Further, in the coaxial arrangement, the motor cylinder is located closer to the input shaft input end than the pump cylinder, and the output gear is formed on the outer periphery of the motor cylinder on the input shaft input end side. The axial distance between the input end of the input gear and the output gear that serves as the output of the transmission can be minimized as a result of the radial load applied to the output gear from the load side. Since the moment acting on the continuously variable transmission can be effectively reduced,
This can contribute to extending the life of the bearing that supports the continuously variable transmission.

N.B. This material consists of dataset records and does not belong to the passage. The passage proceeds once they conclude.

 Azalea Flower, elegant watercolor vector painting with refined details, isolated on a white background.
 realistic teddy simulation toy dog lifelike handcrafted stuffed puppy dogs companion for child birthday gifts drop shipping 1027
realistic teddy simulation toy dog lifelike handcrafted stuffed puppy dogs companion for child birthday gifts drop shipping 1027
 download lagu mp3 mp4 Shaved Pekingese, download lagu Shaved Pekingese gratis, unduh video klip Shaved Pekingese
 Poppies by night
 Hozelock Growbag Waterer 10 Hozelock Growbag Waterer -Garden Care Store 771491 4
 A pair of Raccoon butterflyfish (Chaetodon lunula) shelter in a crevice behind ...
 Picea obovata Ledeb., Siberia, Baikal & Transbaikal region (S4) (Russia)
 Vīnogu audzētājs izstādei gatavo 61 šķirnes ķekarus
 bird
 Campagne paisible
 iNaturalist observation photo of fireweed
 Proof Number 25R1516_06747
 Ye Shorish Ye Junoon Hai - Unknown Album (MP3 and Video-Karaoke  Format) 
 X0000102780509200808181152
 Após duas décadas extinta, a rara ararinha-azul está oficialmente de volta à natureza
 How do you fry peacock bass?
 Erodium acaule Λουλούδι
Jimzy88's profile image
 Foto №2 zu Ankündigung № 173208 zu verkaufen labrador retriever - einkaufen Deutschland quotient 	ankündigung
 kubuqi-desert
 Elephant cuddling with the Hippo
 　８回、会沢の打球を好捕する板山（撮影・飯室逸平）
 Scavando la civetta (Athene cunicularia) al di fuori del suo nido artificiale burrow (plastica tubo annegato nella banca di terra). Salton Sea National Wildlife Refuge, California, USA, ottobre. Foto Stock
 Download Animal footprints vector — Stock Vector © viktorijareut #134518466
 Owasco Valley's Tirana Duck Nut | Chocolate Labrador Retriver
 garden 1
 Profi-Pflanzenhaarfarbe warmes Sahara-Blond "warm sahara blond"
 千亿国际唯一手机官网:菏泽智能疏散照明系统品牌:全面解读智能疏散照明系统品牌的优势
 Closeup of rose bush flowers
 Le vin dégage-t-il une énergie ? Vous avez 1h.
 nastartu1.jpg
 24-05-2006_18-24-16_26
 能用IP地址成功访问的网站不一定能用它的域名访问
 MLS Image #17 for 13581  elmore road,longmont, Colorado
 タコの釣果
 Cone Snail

[Brief description of drawings]

The drawings show one embodiment of the present invention. Fig. 1 is a vertical plan view of a hydrostatic continuously variable transmission, and Fig. 2 is a vertical rear view of Fig. 1, Fig. 3, Fig. 4, and Fig. Fig. 5 is the III-III line, IV of Fig. 2.
-IV line and VV line sectional drawing, FIG. 6 is VI-VI of FIG.
FIG. 6A is an enlarged sectional view around the first distributing valve when the eccentric neutral position is reached in FIG. 6, and FIG.
VII-VII line sectional view, FIG. 8 is a VIII-VIII line sectional view of FIG. 1, FIG. 9 is a IX-IX line sectional view of FIG. 1 (clutch ON state), and FIG. 9A is FIG. FIG. 10 is an enlarged cross-sectional view around the second distributing valve when the eccentric neutral position is reached, FIG. 10 is an operation diagram of FIG. 9 (clutch-off state), and FIG. 11 is a XI arrow view of FIG.
FIG. 12 is a front view of the second distributing valve, FIGS.
XIII-XIII line and XIV-XIV line sectional drawing of the figure, FIG.
FIG. 16 is a sectional view taken along the line XV-XV in FIG.
FIG. 7 is a vertical cross-sectional rear view of a main part of an automobile power unit including the hydrostatic continuously variable transmission. B ... Cylinder block, E ... Engine, M ... Hydraulic motor, P ... Hydraulic pump, T ... Hydrostatic type continuously variable transmission, 1 ... Crank shaft, 2 ... Input shaft, 2a ... Input Edge, 3 ...
... output gear, 5 ... input cylinder shaft, 7 ... pump cylinder,
9 ... Pump plunger, 10 ... Pump swash plate, 17 ... Motor cylinder, 19 ... Motor plunger, 20 ... Motor swash plate

Claims (1)

[Claims] 1. A swash plate hydraulic pump (P) driven by an input shaft (2) arranged at the center of a transmission (T), and an output gear (3) concentric with the input shaft (2). In a hydrostatic continuously variable transmission in which a swash plate type hydraulic motor (M) provided is mutually connected via a hydraulic closed circuit, a pump cylinder (7) of a hydraulic pump (P) and a hydraulic motor (M) are provided. The motor cylinder (17) is coaxially arranged and integrally coupled to each other to form a cylinder block (B), and the pump swash plate (10) is provided at the outer end of the pump cylinder (7).
The motor swash plate (2
0) are placed opposite each other, and the pump swash plate is attached to the input shaft (2) having the end portion on the motor cylinder (7) side as the input end (2a) penetrating the center portion of the cylinder block (B) in a relatively rotatable manner. A pump swash plate holder (12) that supports (10) is connected, and an output gear (3) is formed on the outer circumference of the end of the motor cylinder (17) on the input shaft input end (2a) side. , Hydrostatic continuously variable transmission.